Task brief
What is needed is an exact copy of every line from the one containing "Life-Defining Moments: Daily" through the end of the entries; please set it down without any pictures.

Recorded information section start

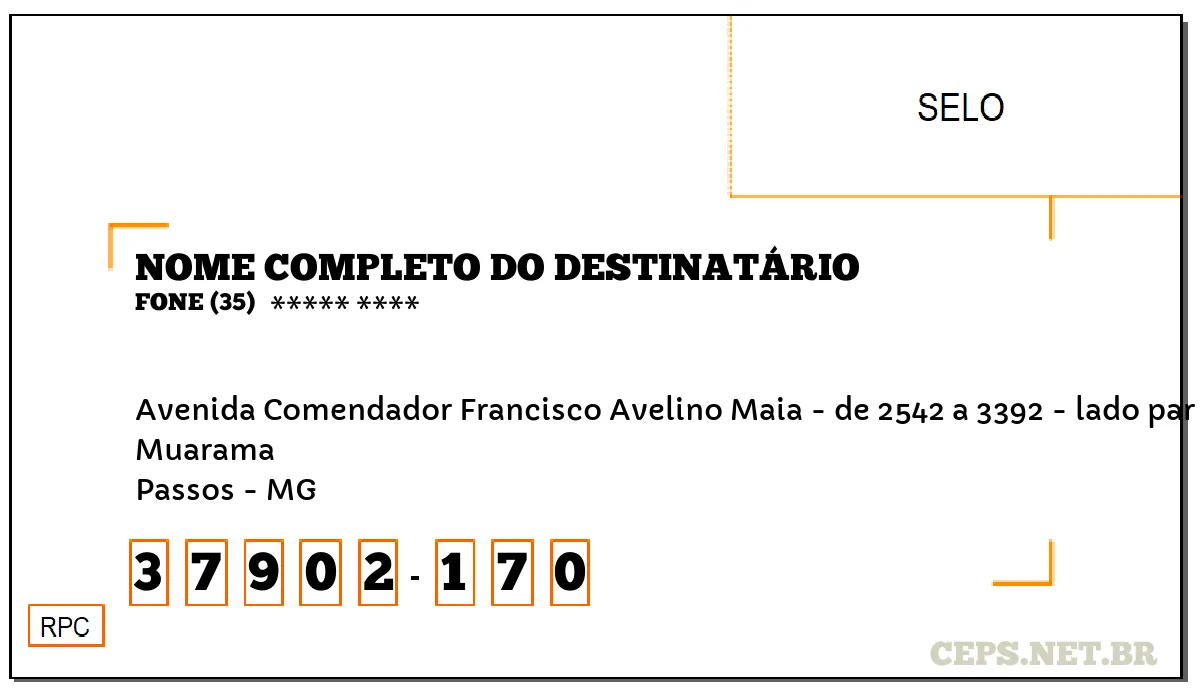 CEP PASSOS - MG, DDD 35, CEP 37902170, AVENIDA COMENDADOR FRANCISCO AVELINO MAIA - DE 2542 A 3392 - LADO PAR, BAIRRO MUARAMA.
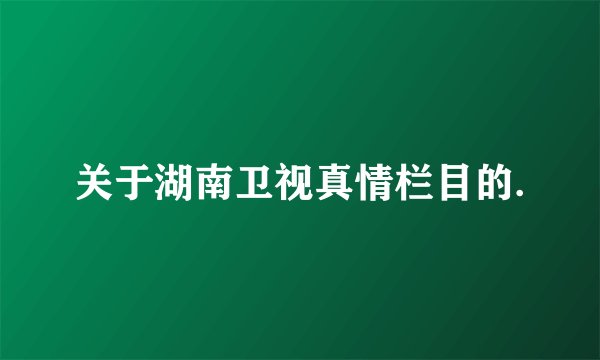 关于湖南卫视真情栏目的.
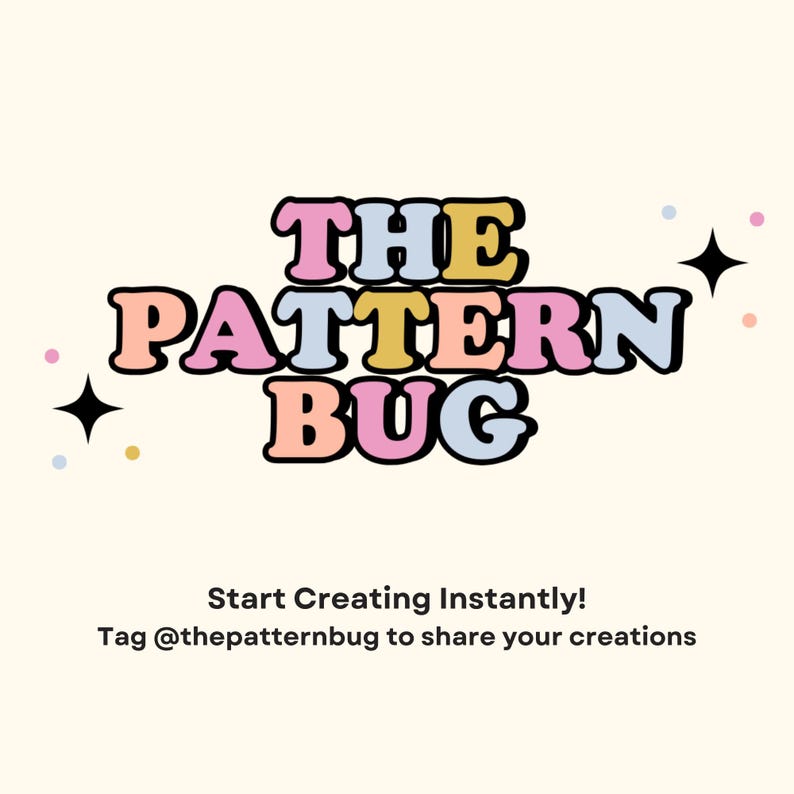 May include: A retro-style graphic with the text "THE PATTERN BUG" in colorful bubble letters. Below, it reads "Start Creating Instantly!" and "Tag @thepatternbug to share your creations" on a cream background, with star and dot accents.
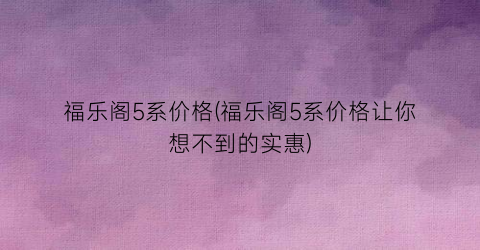 福乐阁5系价格(福乐阁5系价格让你想不到的实惠)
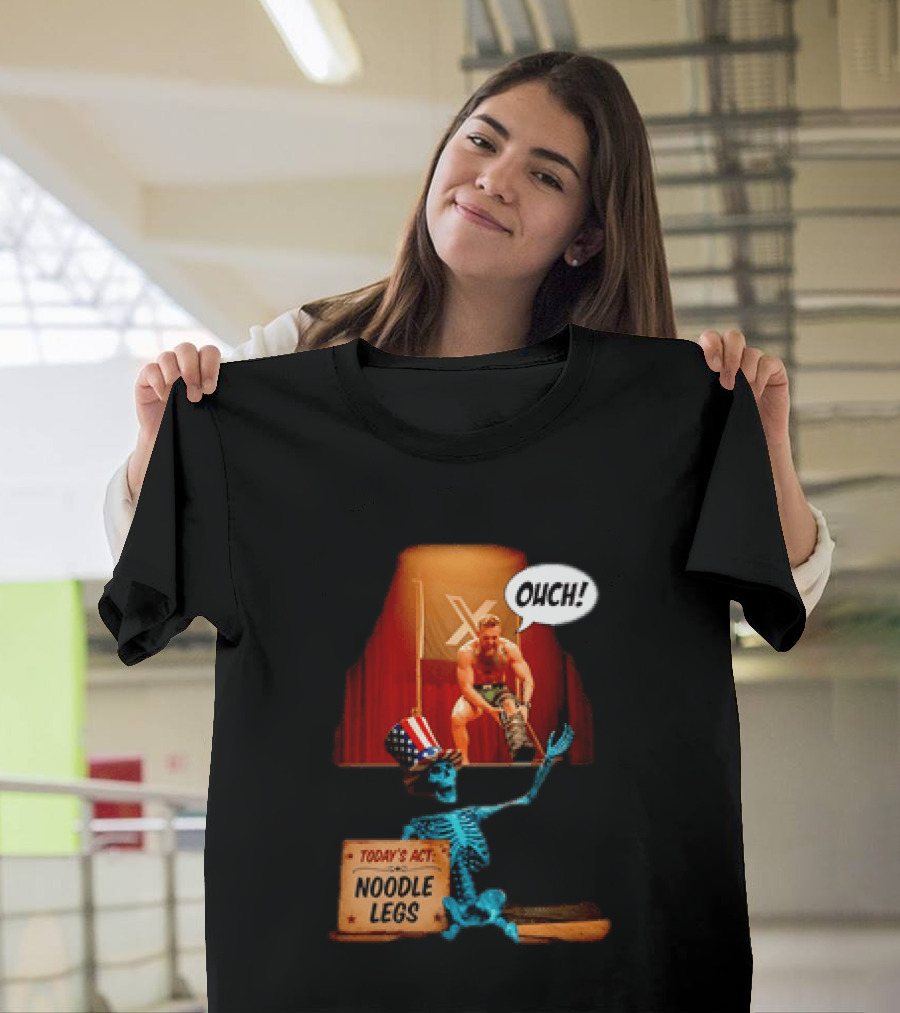 Conor McGregor One Minute Man Ouch Today's Act Noodle Legs Skeleton Comedy T-Shirt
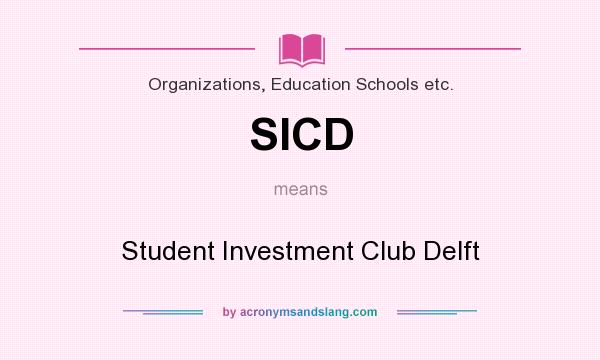 What does SICD mean? It stands for Student Investment Club Delft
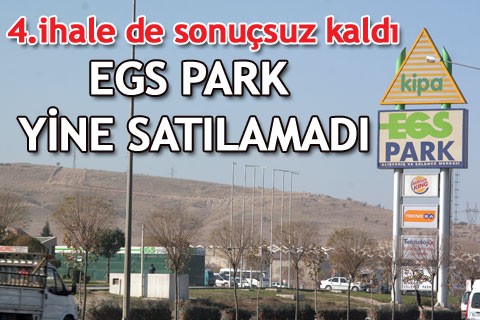EGS park yine satılamadı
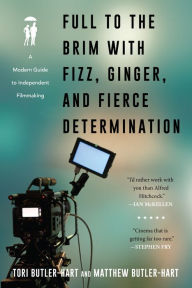 Title: Full to the Brim with Fizz, Ginger, and Fierce Determination: A Modern Guide to Independent Filmmaking, Author: Tori Butler-Hart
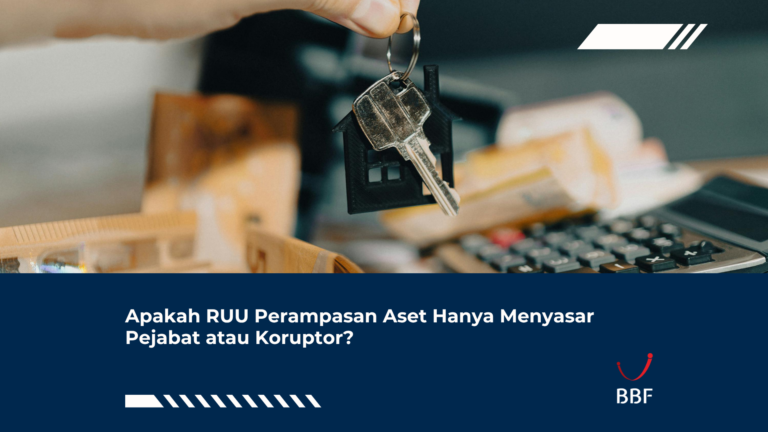 Apakah RUU Perampasan Aset Hanya Menyasar Pejabat atau Koruptor?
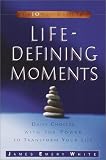 Life-Defining Moments: Daily Choices with the Power to Transform Your Life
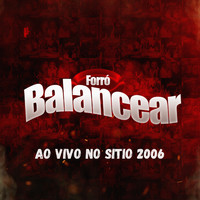 Forró Balancear - No Sitio 2006 (Ao Vivo)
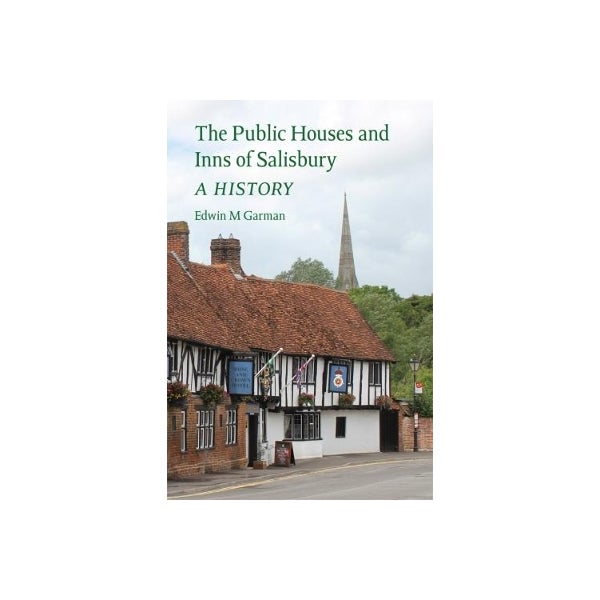 The Public Houses and Inns of Salisbury -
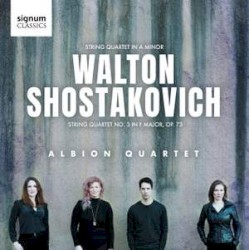 Walton & Shostakovich String Quartets by Albion Quartet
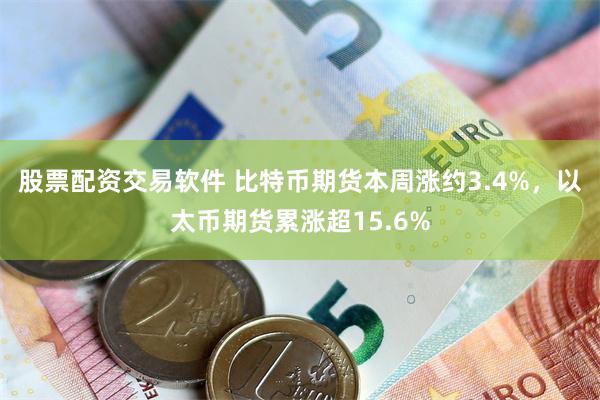 股票配资交易软件 比特币期货本周涨约3.4%，以太币期货累涨超15.6%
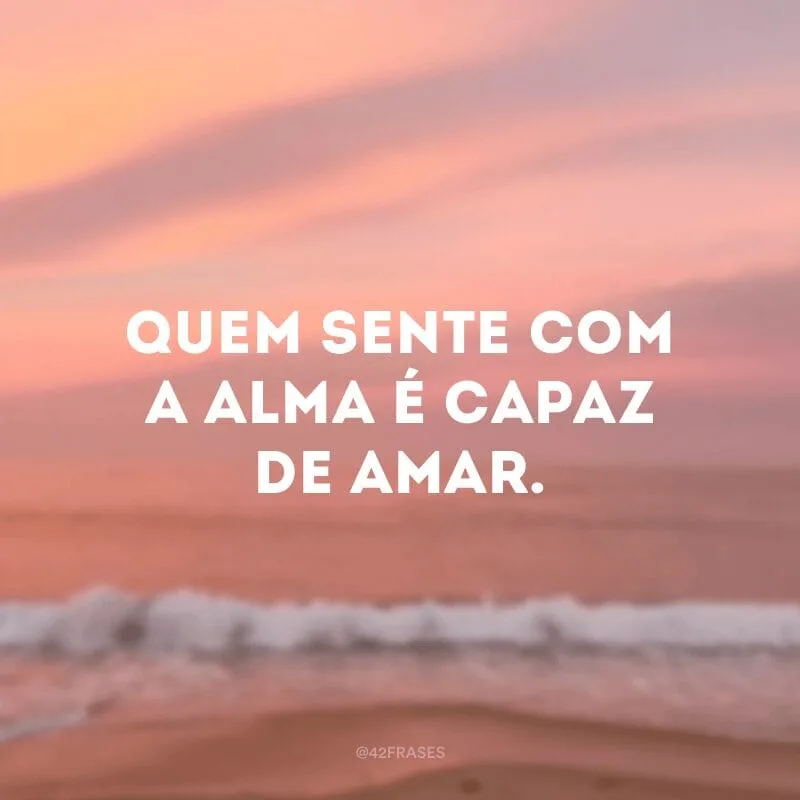 Quem sente com a alma é capaz de amar.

Recorded information section end

Answer box
 Life-Defining Moments: Daily Choices with the Power to Transform Your Life
 Forró Balancear - No Sitio 2006 (Ao Vivo)
 The Public Houses and Inns of Salisbury -
 Walton & Shostakovich String Quartets by Albion Quartet
 股票配资交易软件 比特币期货本周涨约3.4%，以太币期货累涨超15.6%
 Quem sente com a alma é capaz de amar.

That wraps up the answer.